A sanitary cordon that they impose on themselves for their own affairs: “I went to Henri Leclerc’s school. When he had a publicized trial at the Assize Court, he had the habit of refusing to comment on the ongoing cases, observes Philippe Sarda, who worked alongside him. He sometimes held a press conference a few weeks after the start of the trial, but that’s all. A habit that some consider difficult to maintain today, like Randall Schwerdorffer: “In the 1980s and 1990s, a lawyer who appeared on TV was the exception. There was no slot for judicial broadcasts There were also no social networks, which induced less pressure, and less fear that the defense’s words would be erased in the event of silence. This lawyer found himself at the heart of a media storm after announcing live on television that his client, Jonathann Daval, had “accidentally caused the death of his wife”. “I have learned a lot since then. Before responding to the press, you have to take some time, not give in, get out of emotion. You also have to know how to say no,” he says, not without regretting a ” lack of media training within the profession. Media in which he now intervenes, notably on the set of Big Mouthson RMC.
The risks of TikTok
But the issue extends beyond traditional media. In September, the TikTok videos of Nadia El Bouroumi, lawyer for two of the accused in the Mazan rape trial, sparked an outcry within and outside the profession. So much so that the president of Avignon, where the trial is being held, issued a press release on September 23. He recalls that “the “ethical rules of the lawyer aim to preserve the dignity of the profession and the confidence of the litigant”, not without insisting on the fact that “the freedom of expression of the lawyer is fundamental in the exercise of defense rights”. The case of Avignon illustrates a procedure that is usually much more subdued. “Sanctions have been imposed because colleagues forget to exercise a certain amount of caution when they create content on the networks. Sometimes, we can see the names of clients, the contents of files…”, notes Laura Ben Kemoun, vice-president of the UJA.

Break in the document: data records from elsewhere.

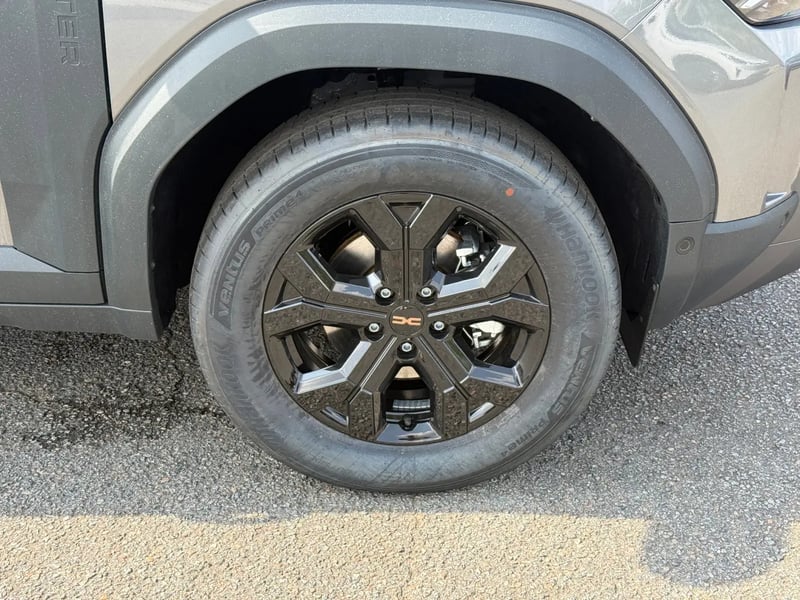 Photo de la voiture DACIA DUSTER ECO-G 120 auto Extreme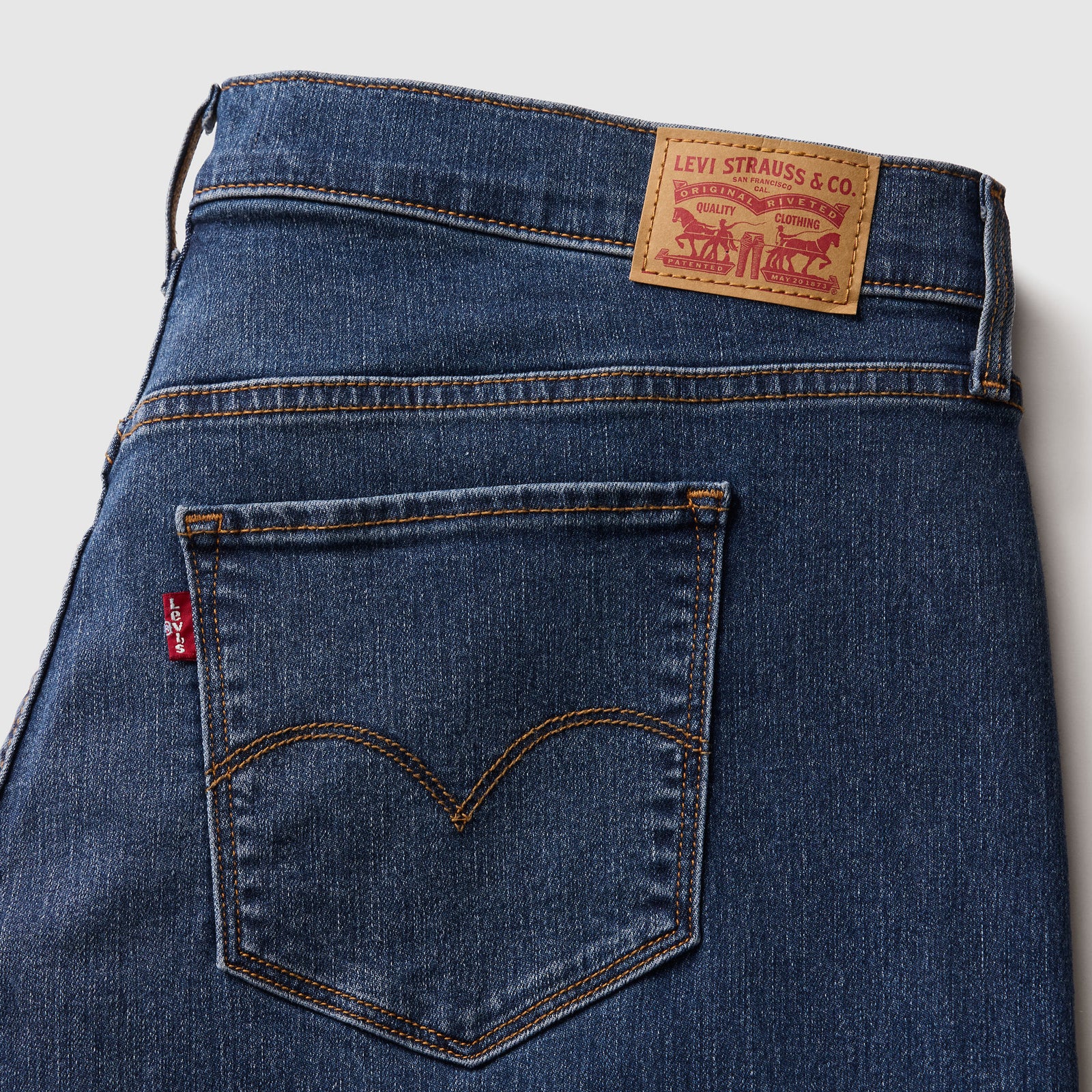 Main 7 - Levi's® Women's 318 Shaping Wide-Leg Jeans (Plus Size) - 0033F0000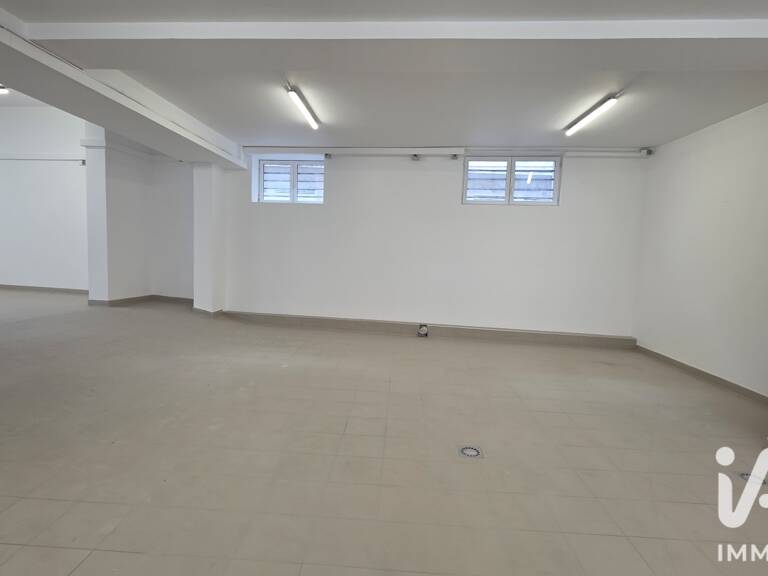 Vente Local commercial 119 m&sup2; — photo 1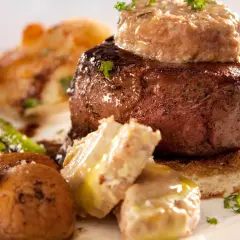 Un tournedos Rossini, avec foie gras et truffes, sur un toast. Quel vin avec tournedos Rossini ? Un vin rouge corsé, comme un Bordeaux.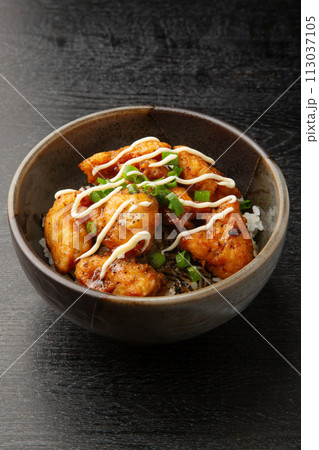 唐揚げ丼 113037105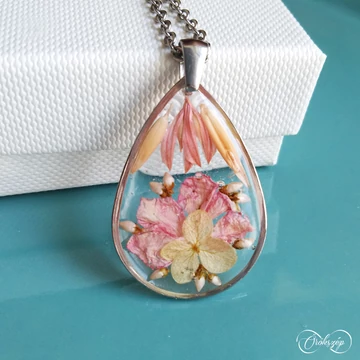 Pasztell romantika kézműves cseppmedál '23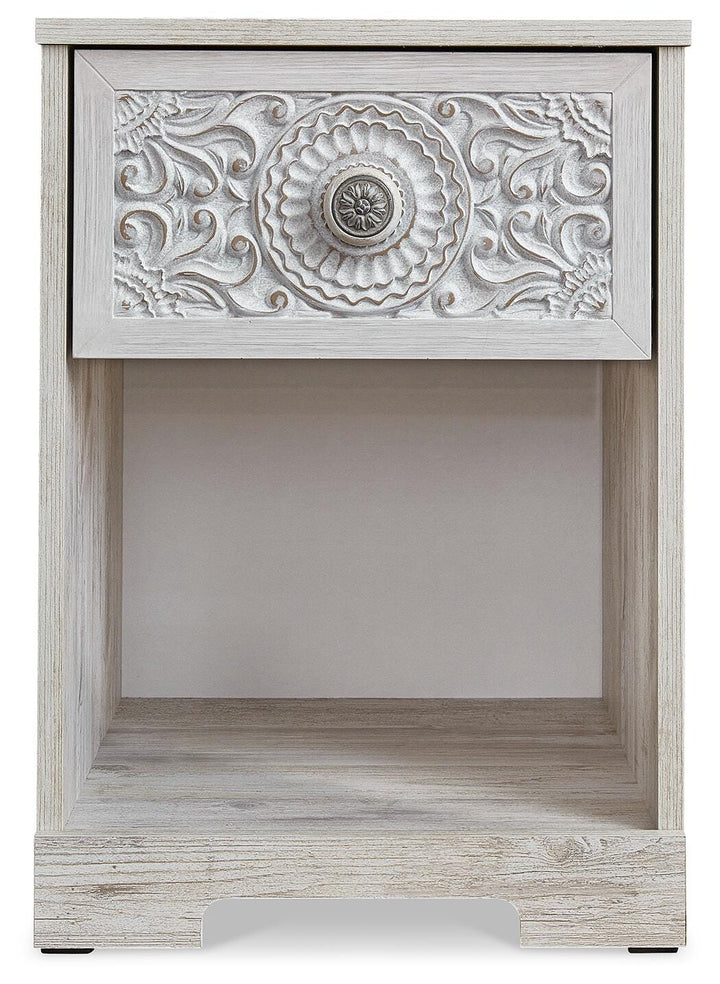 Paxberry Nightstand - Whitewash (4)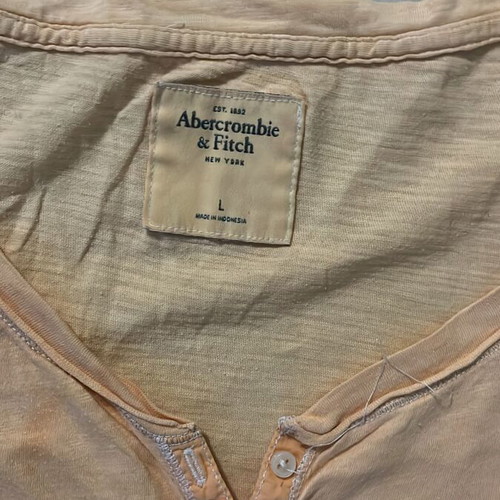 Abercrombie & Fitch Women T-Shirt peach tan Henley neckline size L used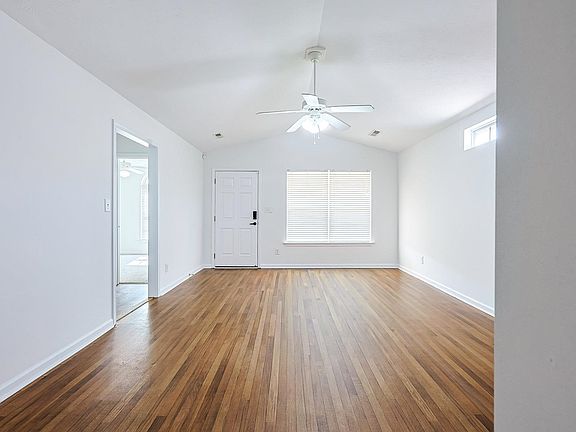 3rd image of 320 Sean River Rd.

The profession knows perfectly well that it is playing a balancing act. “There is a great temptation today among lawyers to communicate on the Internet, continues Me Charrière-Bournazel. The problem is delicate, because on the one hand there is the total freedom which has been conferred over the course of years, and on the other the ethical principles of honor and respect, to which he must permanently submit. Now unions, such as the Union of Young Lawyers, also provide training. To avoid going off the road, Charles Ohlgusser, lawyer at the Paris bar and member of the council of the order, repeats a well-known precept: “Communicate as if your president were looking over your shoulder.” Valid on both social networks and news channels.